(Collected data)
-- Opening Marker --

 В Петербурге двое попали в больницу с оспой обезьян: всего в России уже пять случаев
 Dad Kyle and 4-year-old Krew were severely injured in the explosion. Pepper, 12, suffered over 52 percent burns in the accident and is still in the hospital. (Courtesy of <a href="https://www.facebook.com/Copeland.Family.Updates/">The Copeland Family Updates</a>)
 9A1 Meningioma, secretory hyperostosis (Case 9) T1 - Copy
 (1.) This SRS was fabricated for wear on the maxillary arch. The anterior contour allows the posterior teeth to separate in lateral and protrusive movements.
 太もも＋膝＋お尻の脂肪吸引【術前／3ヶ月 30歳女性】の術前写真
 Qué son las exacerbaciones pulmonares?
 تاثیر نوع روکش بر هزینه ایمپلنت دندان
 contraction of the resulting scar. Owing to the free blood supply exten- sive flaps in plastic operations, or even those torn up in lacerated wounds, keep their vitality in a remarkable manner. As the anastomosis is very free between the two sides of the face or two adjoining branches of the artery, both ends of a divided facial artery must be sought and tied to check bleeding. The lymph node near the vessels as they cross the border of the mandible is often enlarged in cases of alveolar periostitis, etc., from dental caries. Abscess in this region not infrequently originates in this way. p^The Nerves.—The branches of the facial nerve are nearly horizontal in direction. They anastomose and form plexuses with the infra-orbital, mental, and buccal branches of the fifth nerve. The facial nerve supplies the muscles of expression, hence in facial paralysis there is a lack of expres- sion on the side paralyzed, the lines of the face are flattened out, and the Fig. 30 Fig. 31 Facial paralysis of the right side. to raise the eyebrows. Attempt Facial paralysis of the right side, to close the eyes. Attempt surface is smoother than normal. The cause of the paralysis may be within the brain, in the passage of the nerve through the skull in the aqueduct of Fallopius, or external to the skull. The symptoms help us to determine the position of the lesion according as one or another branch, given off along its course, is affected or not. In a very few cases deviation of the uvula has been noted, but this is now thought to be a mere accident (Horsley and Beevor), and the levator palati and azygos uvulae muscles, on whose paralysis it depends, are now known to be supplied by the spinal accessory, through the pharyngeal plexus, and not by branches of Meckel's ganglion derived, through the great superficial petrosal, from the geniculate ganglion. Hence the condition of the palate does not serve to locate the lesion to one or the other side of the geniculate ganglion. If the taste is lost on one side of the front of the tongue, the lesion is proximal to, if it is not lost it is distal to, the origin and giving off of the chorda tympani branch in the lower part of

-- Closing Marker --

Please copy the lines in the records above between the one holding "9A1 Meningioma, secretory" and the one holding "تاثیر نوع روکش بر هزینه ایمپلنت دندان", inclusive, exactly and with no other line.

 9A1 Meningioma, secretory hyperostosis (Case 9) T1 - Copy
 (1.) This SRS was fabricated for wear on the maxillary arch. The anterior contour allows the posterior teeth to separate in lateral and protrusive movements.
 太もも＋膝＋お尻の脂肪吸引【術前／3ヶ月 30歳女性】の術前写真
 Qué son las exacerbaciones pulmonares?
 تاثیر نوع روکش بر هزینه ایمپلنت دندان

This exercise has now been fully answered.